Islamo-fascists run amuck in Dhaka
The Islamist party men torched police motorbikes, vandalised three news vans and dozens of public and private vehicles and beat up the common people indiscriminately. These were only a few snap shots of the guerilla-style attack from a procession of the Islami Chhatra Shibir, a pro-Jamaat-e-Islami student wing, at Farmgate and Karwan Bazar. It was not the first time that the Jamaat-Shibir men went on the rampage and wounded police personnel. They have done so almost every day since November 5 in Dhaka and elsewhere in the country.
On November 4, the Jamaat announced a nine-day agitation programme beginning from November 5 to press home its demand for the immediate release of the party's top leaders, including those facing war crimes trial. Till Monday, more than 200 policemen, at least 300 people and three journalists were injured during clashes between the police and Jamaat-Shibir men across the country. They ended their protest programme yesterday through a targeted attack on the law enforcers in an unprecedented manner, leaving about 20 policemen injured in Dhaka, Khulna and Cox's Bazar.
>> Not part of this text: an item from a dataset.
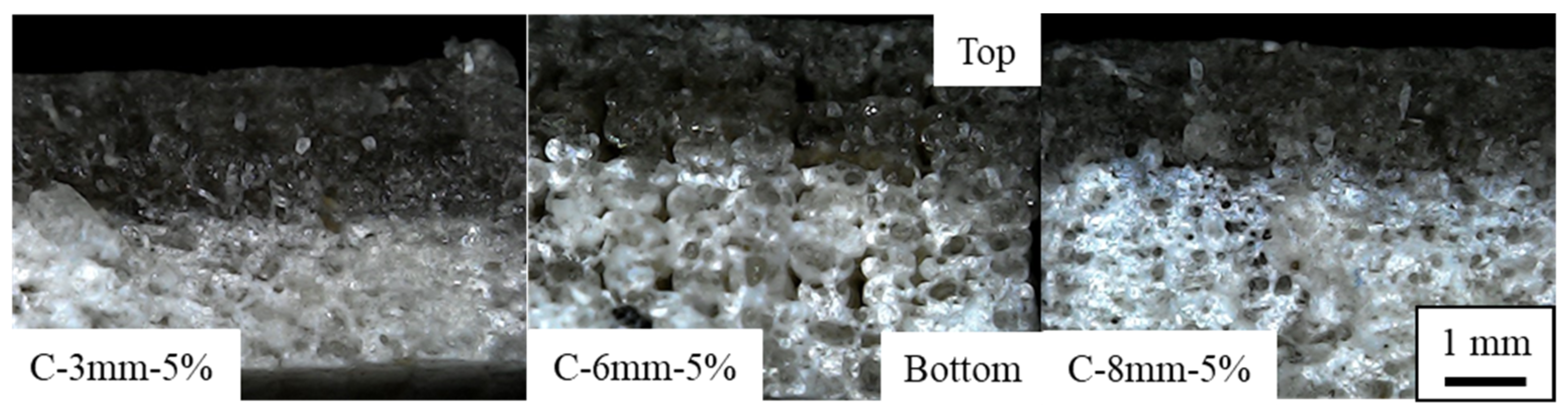 Polymers 14 05047 g011 Polymers 14 05047 g011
Noticeably, the police role during these attacks throughout the week seemed very unusual. They either tried to escape those attacks or were just silent observers, witnesses said. Only a few policemen went on a counter attack, mainly in self-defence, they added. Never in the past had police played such a passive role during a political violence. It was about 4:15 pm. Hundreds of vehicles were stranded on both sides of Farmgate-Karwan Bazar road in a heavy traffic. All of a sudden, around 50 Shibir men started vandalising vehicles -- BRTC double-deckers, private cars, motorbikes, human haulers. They also vandalised three news vans of ATN News and set fire to two police motorbikes at Karwan Bazar, police said.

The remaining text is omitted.